Gastric Cancer Surgery
Introduction
Gastric surgeries are usually performed in cases of gastric or stomach cancer. Gastric surgeries are extensive procedures. Part of stomach is removed depending on the site and stage of the disease.
Procedure and considerations
Before surgery bowel is cleared using laxatives. Patient usually is asked to fast overnight with not even water consumption. The surgery is performed under general anesthesia that renders the patient unconscious. After cleaning the skin over the abdomen with antiseptic lotions it is draped with sterile surgical drapes. The incision is made across the abdomen in the upper part. Sometimes if the oesophagus is involved, the incision may be extended to the lower part of the chest as well.
If the lower part of stomach is affected, only the lower part is removed. This procedure is known as partial gastrectomy. After the surgery the stomach will be smaller in size. If the middle part is affected then the whole of stomach is removed. After the operation the food tube is joined to the small gut. This procedure is called total gastrectomy with Roux-en-Y reconstruction.

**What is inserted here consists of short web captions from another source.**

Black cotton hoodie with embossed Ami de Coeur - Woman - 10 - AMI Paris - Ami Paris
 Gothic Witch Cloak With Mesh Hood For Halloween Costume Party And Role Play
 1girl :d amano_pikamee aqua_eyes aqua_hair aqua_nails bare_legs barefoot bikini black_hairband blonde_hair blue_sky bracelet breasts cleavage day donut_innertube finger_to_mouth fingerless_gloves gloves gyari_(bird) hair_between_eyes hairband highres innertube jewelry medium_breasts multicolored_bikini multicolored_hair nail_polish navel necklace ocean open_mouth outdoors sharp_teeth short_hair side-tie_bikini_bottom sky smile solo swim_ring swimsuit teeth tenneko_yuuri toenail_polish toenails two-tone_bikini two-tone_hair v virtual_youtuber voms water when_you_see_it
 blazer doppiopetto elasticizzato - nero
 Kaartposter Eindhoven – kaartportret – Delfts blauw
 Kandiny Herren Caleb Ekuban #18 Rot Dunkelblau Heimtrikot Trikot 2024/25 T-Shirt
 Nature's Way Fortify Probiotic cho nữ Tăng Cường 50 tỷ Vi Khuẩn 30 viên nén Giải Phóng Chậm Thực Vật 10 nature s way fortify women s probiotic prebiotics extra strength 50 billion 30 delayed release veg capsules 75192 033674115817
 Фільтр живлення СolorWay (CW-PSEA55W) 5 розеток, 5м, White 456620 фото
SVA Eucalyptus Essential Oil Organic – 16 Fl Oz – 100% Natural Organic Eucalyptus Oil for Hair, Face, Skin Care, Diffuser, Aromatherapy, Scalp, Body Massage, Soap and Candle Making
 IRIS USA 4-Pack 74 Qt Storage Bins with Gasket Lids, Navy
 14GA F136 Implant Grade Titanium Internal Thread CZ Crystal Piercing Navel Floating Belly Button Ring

A diet high in smoked, pickled, or salty foods is one of the main causes which play a role in raising the risk of stomach cancer
If upper part of stomach is affected, an extended total gastrectomy may be done. The whole of stomach along with part of pancreas, omentum and the whole spleen is removed. The nearby lymph nodes may also be removed. Laparoscopic surgeries may be performed in these cases. The laparoscopic surgeries are always done by highly skilled and trained surgeons. If the junction of oesophagus or food pipe and stomach is affected, then part of the oesophagus is also removed. This is called oesophagogasstrectomy. The portion of food pipe will be then joined to small gut. During reconstruction part of the stomach may be given the shape of the food pipe.
textDuring surgery the adjoining lymph nodes will be carefully examined by the surgeon. If the lymph nodes are invaded by cancerous cells they will be dissected out. These lymph nodes are also sent to the pathologist for examination. They give clues to the spread of the cancer.
Risks associated with these procedures are of varying severity. Most common risks associated with these procedures are bleeding, infection etc.
Since these are extensive procedures, recovery usually takes longer time. Hospital stay after surgery is usually longer. Patient is allowed to be mobilised gradually. After discharge from hospital the patient is advice to lead a restricted life initially. Dietary restriction and modifications should be followed very strictly. Regular follow ups are essential for restoration of normal life and early detection of recurrence.